I just had time to sit down and digest the annual Fulbright and Jaworski Litigation Trends Report for 2011 and it gave me much food for thought. For example, only 6% of the respondents correctly predicted a decrease in litigation in the 2010 survey, however most businesses in the US and UK faced slightly less litigation in 2011. This decrease was offset by an increase in regulatory activities and internal investigations, which can certainly be attributed to a global economy that continues to face unprecedented upheaval and economic crisis. We all agree that litigation is counter-cyclical, but what explains the expectation of 28% of respondents that litigation will increase in 2012? Well…
Many respondents expect that stricter regulation will drive additional litigation next year. Both the sluggish economy and potential growth in retail, energy and manufacturing were also cited as causes of increased litigation in 2012. These expectations are certainly supported by the fact that contracts and labor/employment continue to dominate the litigation landscape. However, of the 405 survey participants, the majority believes the number of disputes will actually remain unchanged; which could indicate the expectation of continued expenditures of at least $1M annually for over half of the sample group. While the survey doesn’t break our absolute dollars for 2011 it does cite electronic discovery as the primary area for increased spending in 2012. While these expectations for 2012 are not a surprise, they do reinforce the impression that the market is still grappling with the twin challenges of increasing data volumes and the complexity of data types and locations (e.g. tablets, smart phones and the ever-popular “cloud”).

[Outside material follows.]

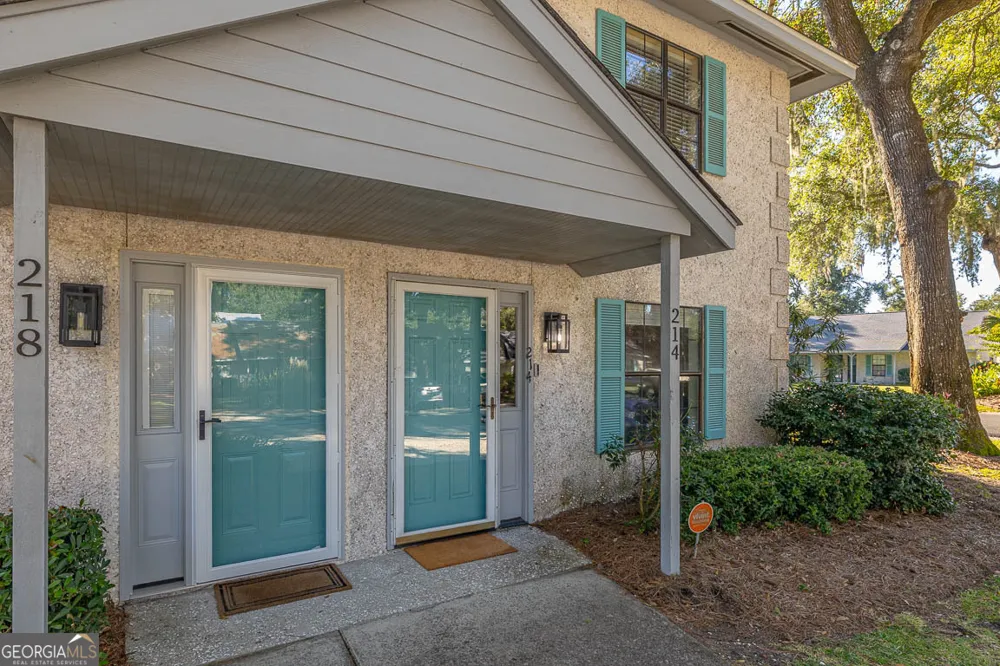 214 Island DR St. Simons, GA 31522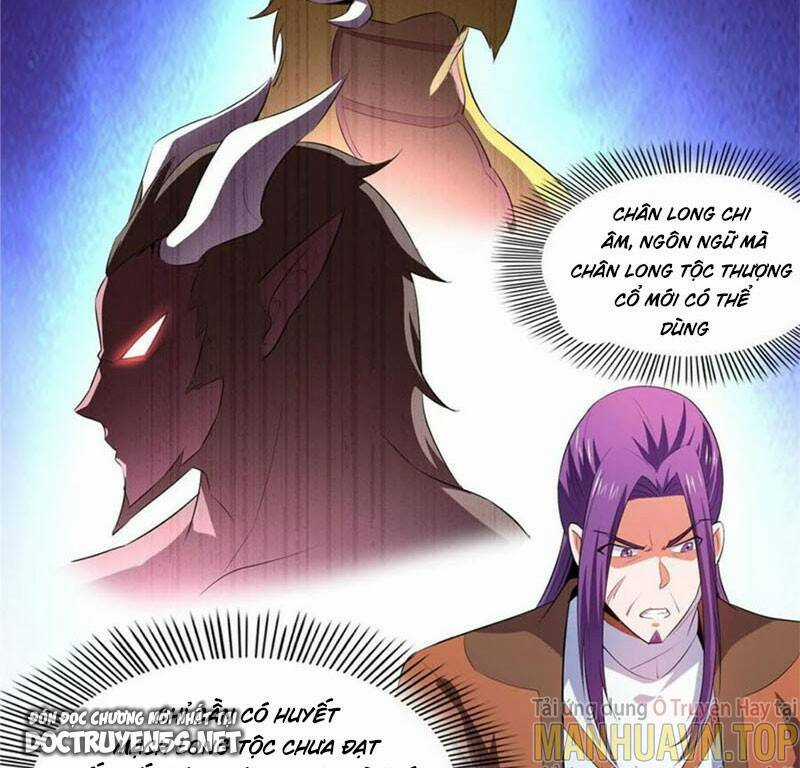 Thiên Đạo Đồ Thư Quán - Chapter 244 - Trang 3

The final section of the survey is dedicated to e-discovery, and this year asks a question directly from the Sedona Conference® Cooperation Proclamation: “In the past 12 months, has your company made a concerted effort to be more cooperative or transparent with opposing counsel in your conduct of discovery?” A subjective question can only achieve a subjective response, but one particular response is interesting. Almost 40% of the respondents assert they have made no effort to adhere more strongly to the tenants of the Cooperation Proclamation. Be it strategy, awareness or just plain old aversion to change, this practice seems counterproductive given broad judicial endorsement of transparency and cooperation.

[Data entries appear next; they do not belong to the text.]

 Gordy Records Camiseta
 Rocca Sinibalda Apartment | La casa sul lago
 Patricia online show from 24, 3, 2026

Perhaps reflecting or even responding to this refusal to cooperate, The Federal Rules Advisory Committee (“Advisory Committee”) met just last week in Washington, D.C., primarily to discuss a sanctions-based approach to enforce certain preservation practices within e-discovery. Depending on how such a rule is crafted it could force parties with e-discovery obligations to take preservation even more seriously than many do today. It’s hard to imagine a more extreme approach than “collect everything and sort it out later”, but some may expand current practices to avoid sanctions resulting from negligence or bad faith. In my opinion it is hard to see stricter penalties resulting in more cooperation – and they would more likely portend additional time, effort and ultimately expense associated with e-discovery.
Finally social media and mobile device usage was also addressed in this year’s Trends Report. There has been a material increase in companies that have no social media restrictions in place to limit employee access to sites such as, Facebook, Twitter, Youtube and Tumblr. We have all read articles reporting the surge in importance social media plays in family law and even the criminal context as an administrative clerk recently found in the first case related to the UK Bribery Act. In the survey, 18% of companies reported having to collect from employees’ personal social media accounts for litigation. It seems to me that this 18% is probably just the tip of a looming iceberg and even if companies get wiser about limiting social media access at work, the need to collect from this medium is just going to increase. Better start swimming or you’ll sink like a stone, so to speak.
So in some ways, the more things change, the more they stay the same (see: lawyers’ inability to cooperate), but in others the changes are coming fast and furious (see: the above regarding social media). In yet others we’ll have to wait to see what happens and which way the juggernaut of the global economy decides to turn before we know anything more. In any event, it continues to be an exciting place and time in the e-discovery industry.